Too many Open Data portals?

While we had an overwhelming number of responses, this one in particular caught my attention:

#toomanydataportals really?

Why would having a lot of different Open Data portals be a problem? I don’t think that the internet would be cool with one single website, but some think that one unique portal would be.

I really don’t want to extrapolate on one single hashtag, nor on one single tweet whose author I don’t know. However, it does echo a larger and growing tension in the Open Data ecosystem. I believe we are entering an era defined by an antagonism between Open Data purists and Open Data pragmatists. And this era may be decisive in the future of Open Data.

‘To some visionary pioneers, such as Ted Nelson, who had been developing a purist hypertext paradigm called Xanadu for decades, the browser represented an undesirably messy direction for the evolution of the Internet. To pragmatists, the browser represented important software evolving as it should: in a pluralistic way, embodying many contending ideas, through what the Internet Engineering Task Force (IETF) calls “rough consensus and running code.” ’ Venkatesh Rao

The purists vs pragmatists opposition is a classic in the evolution of technology. In Season 1 of Breaking Smart, Venkatesh Rao reminds us that from UNIX to the browser, computer history is not made by purists. Web guidelines and good practices have been established only because there has been a decade of ugly-blinking-usingflash-lagging-vulnerable-handmade websites. It’s because such an amazing number of people have created their own websites and measured and adapted to their users’ behaviors that we now know that cyan text on a black background is not a good idea. It’s thanks to all of these individuals that a logo on the top left of a page must link to the homepage. It’s because so many developers made ugly codebases, mixing HTML, CSS, and javascript that web frameworks like RubyOnRails, Django, and Symfony have emerged, leading to still an easier market access.

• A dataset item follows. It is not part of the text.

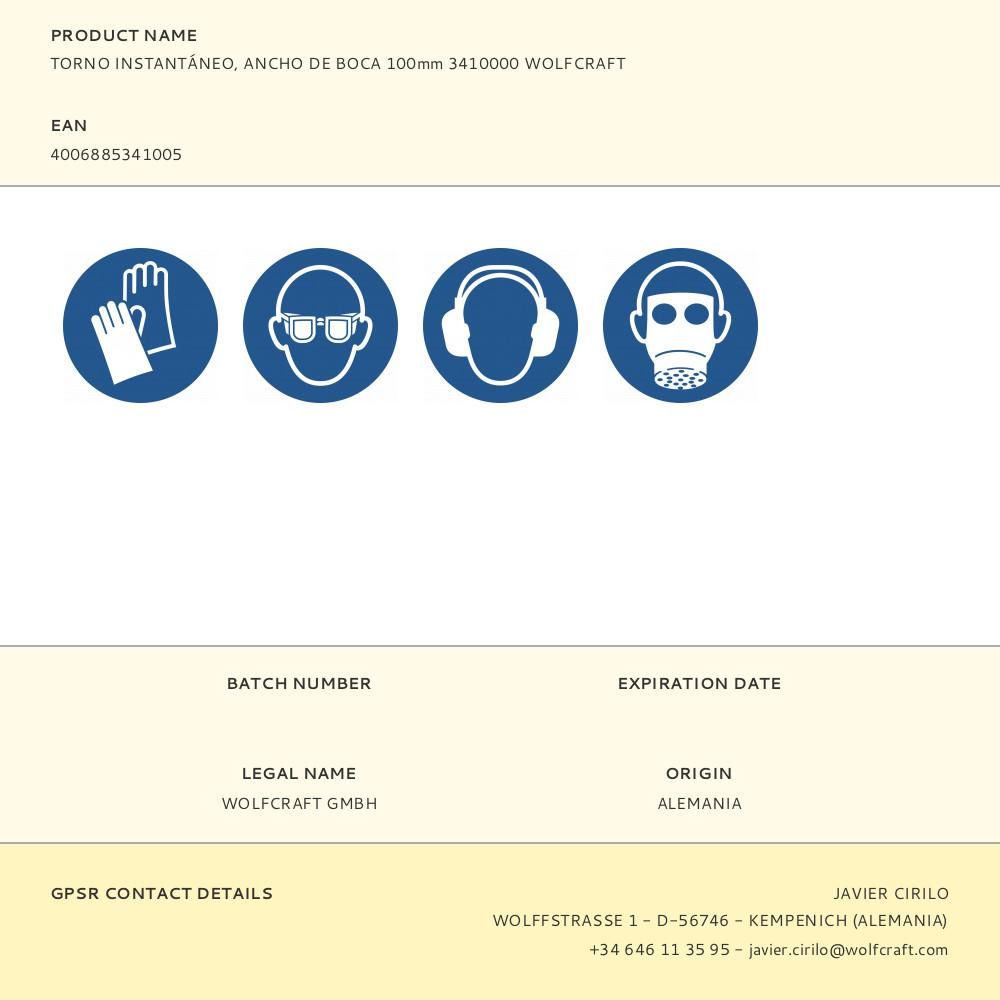 TORNO INSTANTÁNEO, ANCHO DE BOCA 100 mm gallery 2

Open Data purists vs Open Data Pragmatists

Open Data is on the same path

Open Data is much younger; it hasn’t been a decade since the legendary Tim Berners-Lee called for raw, Open Data.

In just a few years, we went from pioneering administrations releasing tabular data files through basic CMS to a large and ever-growing ecosystem of organizations (ranging from small to international in scale, private companies, and non-profits) inventing new ways to share data each and every day.

I love that there are many different ways to Open Data, that there are many different actors, and that there are both open source and proprietary projects. I love that people with few technical skills in small cities are able to empower citizens with new data through well-designed interfaces, and that they are making their own choices at every step. I love the growing power of non-technical individuals in the process of releasing data. It is only by having more actors that Open Data will grow as a whole, and will be brought to more and more people.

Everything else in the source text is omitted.